Recorded data below:

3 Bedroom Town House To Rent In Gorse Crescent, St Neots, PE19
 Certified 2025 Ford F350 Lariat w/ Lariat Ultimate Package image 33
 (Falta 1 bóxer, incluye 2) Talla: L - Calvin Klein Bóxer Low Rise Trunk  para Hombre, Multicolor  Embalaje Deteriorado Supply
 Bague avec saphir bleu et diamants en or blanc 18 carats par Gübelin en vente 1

End of Recorded data.

*What is required*:
Everything in the listing needs to appear again exactly.

*Problem solution*:
3 Bedroom Town House To Rent In Gorse Crescent, St Neots, PE19
 Certified 2025 Ford F350 Lariat w/ Lariat Ultimate Package image 33
 (Falta 1 bóxer, incluye 2) Talla: L - Calvin Klein Bóxer Low Rise Trunk  para Hombre, Multicolor  Embalaje Deteriorado Supply
 Bague avec saphir bleu et diamants en or blanc 18 carats par Gübelin en vente 1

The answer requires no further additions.